However, ASI boasts in its magazine -- which was released at about the time Travolta began shooting Battlefield -- that its production divisions embrace "every function from (the) supervision of foreign publishing, fiction publishing and non-fiction publishing to audiovisual and even big-screen movies" of Hubbard's work.
The church has shown itself to be very protective of its intellectual property and copyrights, so much so that in the U.S. it has quickly launched multimillion-dollar lawsuits against those who've posted even the church's own materials on the Internet without permission. The strong feelings that surround Scientology even extend to the Battlefield set in Montreal, where non-unionized actors are being employed as extras even though the Alliance of Canadian Cinema, Television and Radio Artists' (ACTRA) collective agreement says the first 15 actors on any shoot must be union members.

Grotesque actors

Robin Chetwynd, a chief administrative officer with ACTRA in Toronto, can't understand why that would be. "The collective agreement is quite clear on the number of background performers required each day of filming," he says.
But it seems they play by a different set of rules in Montreal.
Raymond Guardia, ACTRA's rep there, says members in Montreal have been more reluctant to take on work as extras. "That has changed, I believe, and we have now reached a point where, frankly, we intend to aggressively catch up."
Don Carmody, the film's executive producer, first denies the use of non-union talent.

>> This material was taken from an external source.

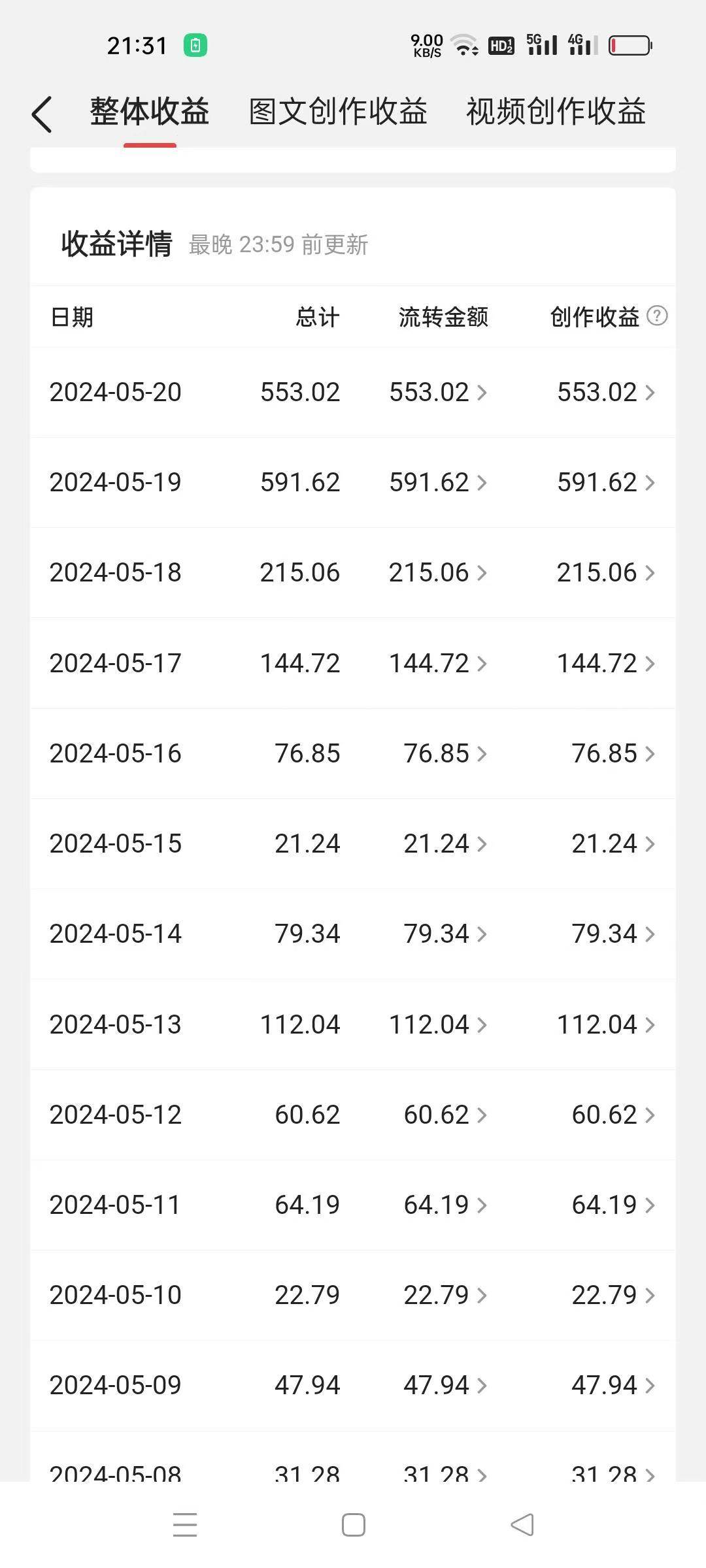 图片[2]-冷门赛道爆火，国外极限运动视频多平台发布秘籍，小白轻松上手-玖儿的学习笔记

He then explains that it's been hard to find very tall, "grotesque-looking" actors to play the evil Psychlos, or thespians who look like "malnourished" humanoids, as required by the script. "There may not be that many ACTRA members who are interested in working as extras who are either seven feet tall, gruesome-looking or look like they're partially starved."
Publicist Godfrey, meanwhile, promises a fast-paced action adventure, a veritable screen spectacle.
"It's going to be very exciting. The director and the special effects people are producing some very new and visionary things."